I liked what there was, don't get me wrong, and some of it I liked a whole lot. There just wasn't quite enough of it for me.
Black's sister would have made a stronger protagonist, I think (though that would obviously have put the kibosh on the M/M leanings). She was brash, cagey, independent, and showed no fear, even when she felt it. And she loved the hell out of her brother, which softened her roughest edges nicely. I was saddened to see her so underutilized in the story, but every moment of page time she got improved whichever scene that included her.
Garthelle was the other character that really worked for me. I can't say I feel like I knew him all that well by the end, and I still don't completely buy his motives or the wisdom of the decision to bring Black and his sister into his situation, but I loved his inscrutable, stoic exterior, especially when it was so clearly covering up a much more vulnerable side of himself. His machinations were deliciously Machiavellian, but those moments when he let his guard down around Black were some of my favorites of the book.
It all set a nice foundation for the personal conflict between him and Black, but as most of Black's best efforts were made with the hopes of getting out from under Garthelle's influence, it threw a monkey wrench into the arc of the romantic relationship between them. I just never felt they were ever on equal footing - neither in Lyche culture nor in the relationship that slowly develops between them. That put a serious crimp on the romance-flavored aspects and made some stuff at the end of the book not quite as satisfying as I would have preferred.

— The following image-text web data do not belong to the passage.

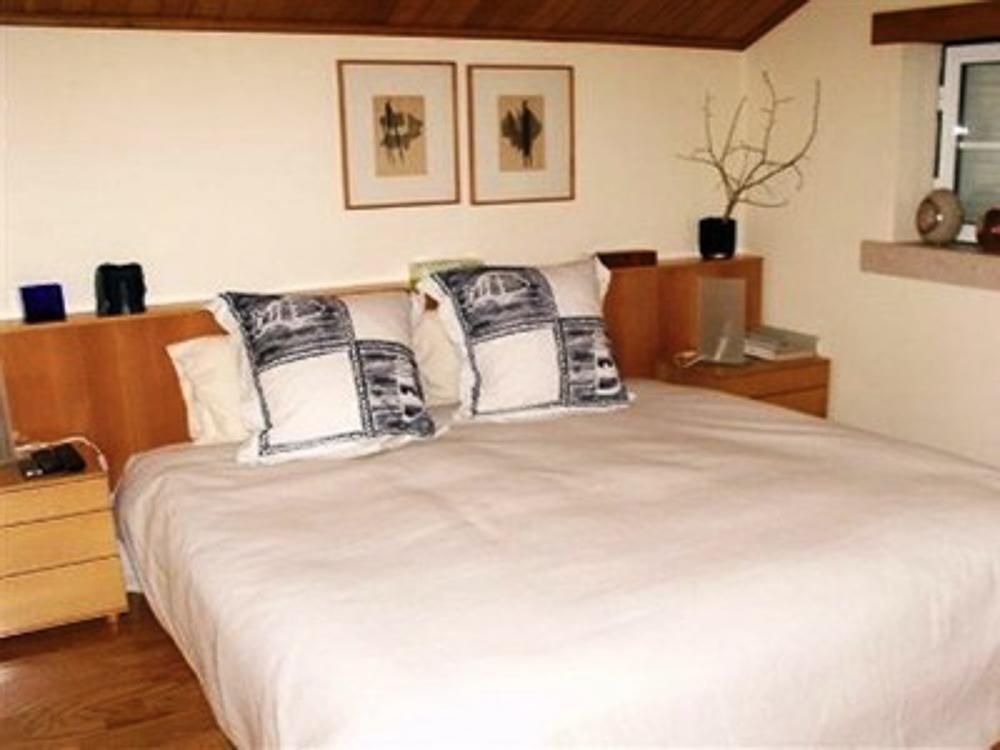 Blue S. Martinho Apartment Sao Martinho do Porto Luaran gambar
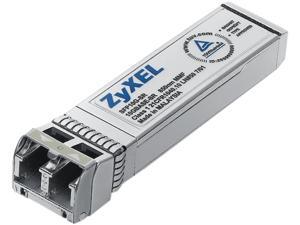 Zyxel SFP10G-SR-ZZ0101F Short Range (300m) SFP+ Transceiver Module Zyxel SFP10G-SR-ZZ0101F Short Range (300m) SFP+ Transceiver Module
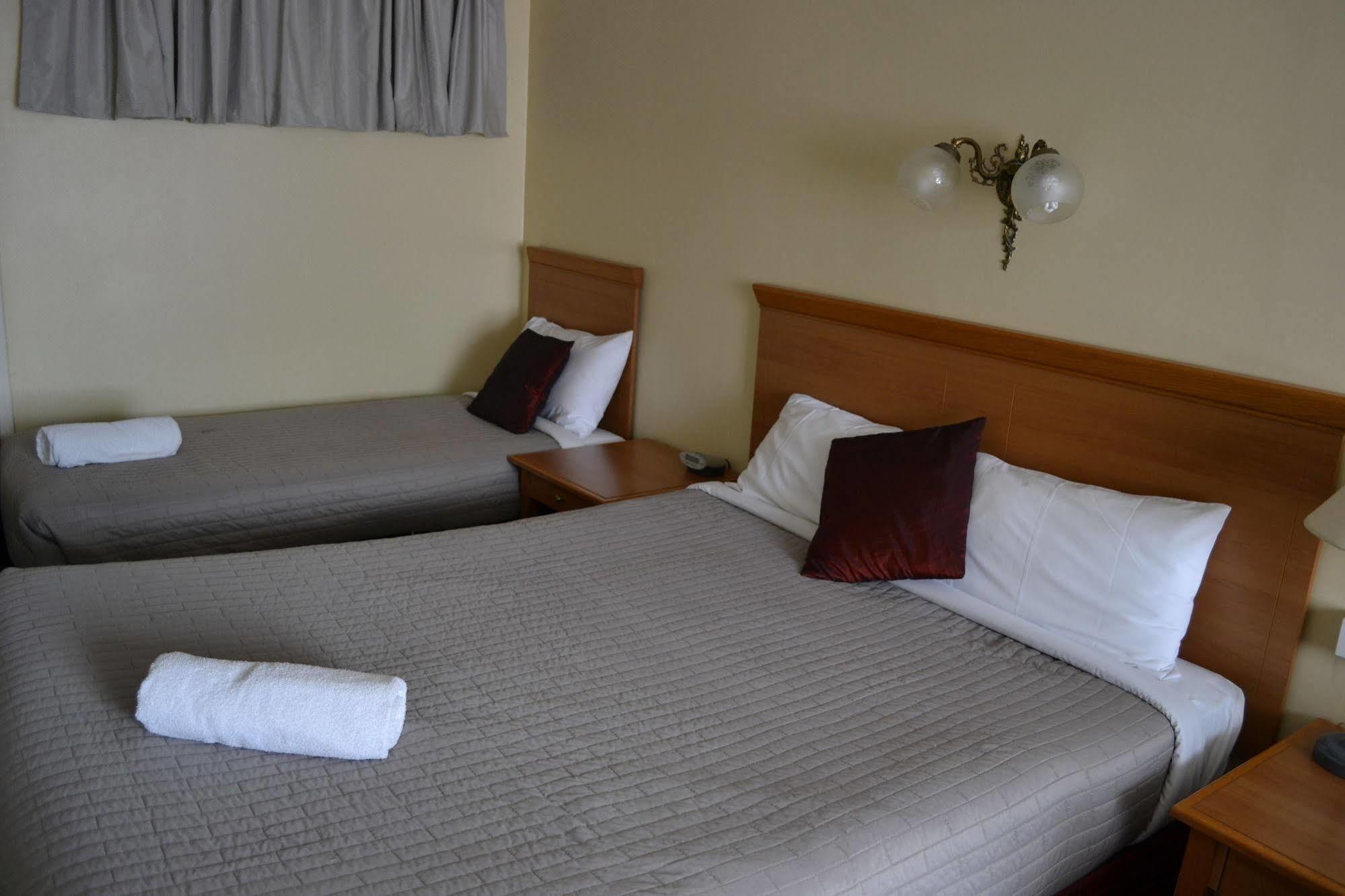 هورشام Best Westlander Motor Inn المظهر الخارجي الصورة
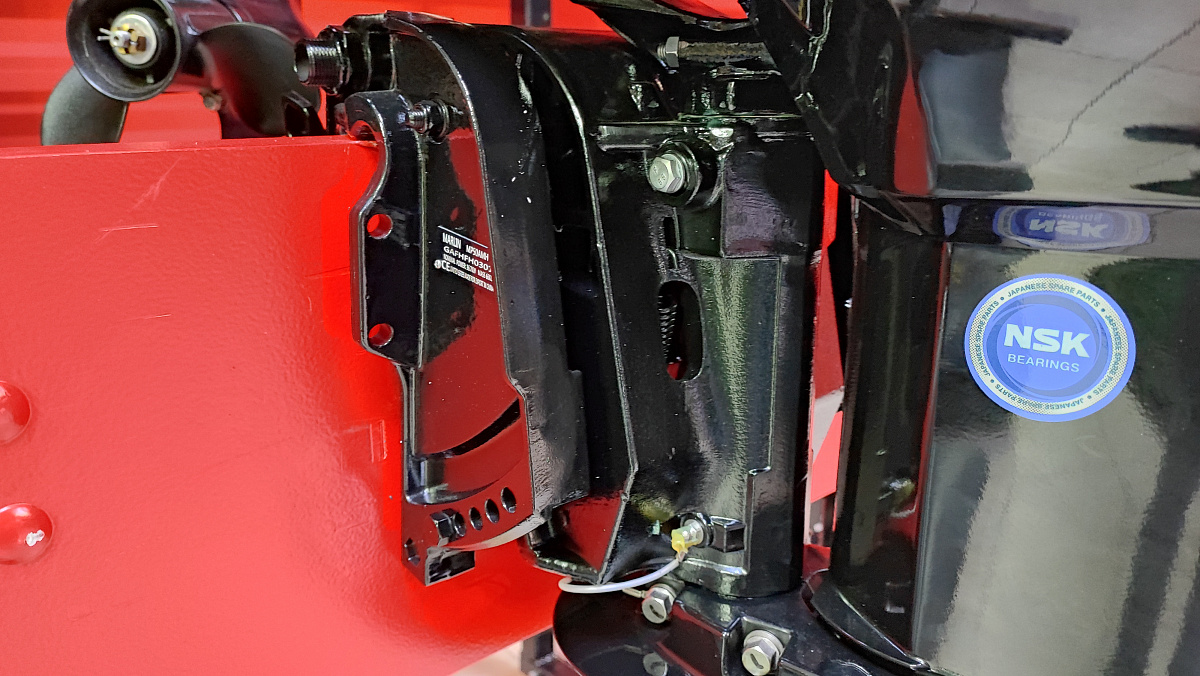 Лодочный мотор MARLIN PROLINE MP 50 AMH ПОД ВОДОМЕТ в Сургуте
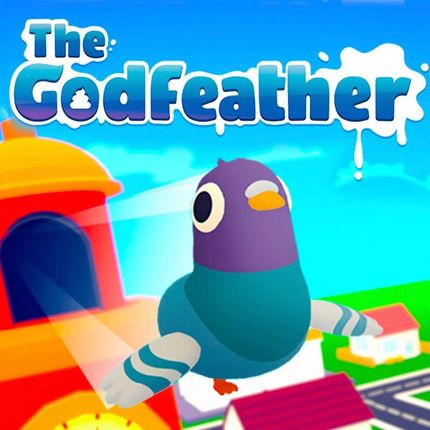 The Godfeather A Mafia Pigeon Saga (Digital)
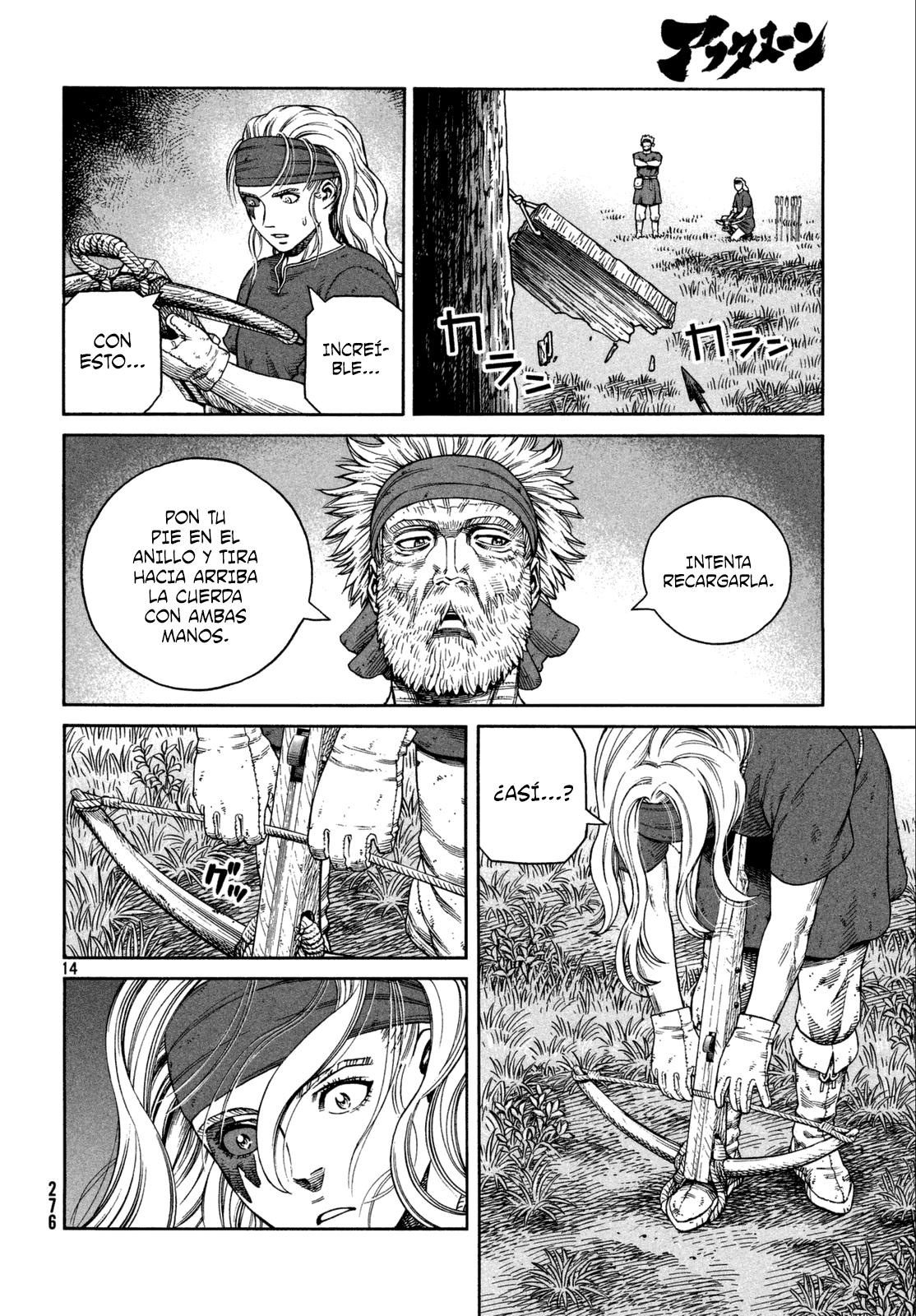 Read Vinland Saga Español Manga Online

If this was a first book in a series, I think most of my other issues with parts of the story - an abrupt ending, the odd relationship jump between Black and Garthelle, and the myriad questions that lingered after the final page - would have been largely mitigated. Plus, I'm greedy. When I'm impressed by the originality of a book's world or the freshness of the plot, I can only want more.
This book begs a sequel. Or a series. As a stand alone it was entertaining, if not always consistently so, and I liked it. If it was the start of something bigger, it may have been love by the end. For now, I can only hope to see more of Black and Garthelle...and Red and Blue, for that matter...at some point in the future.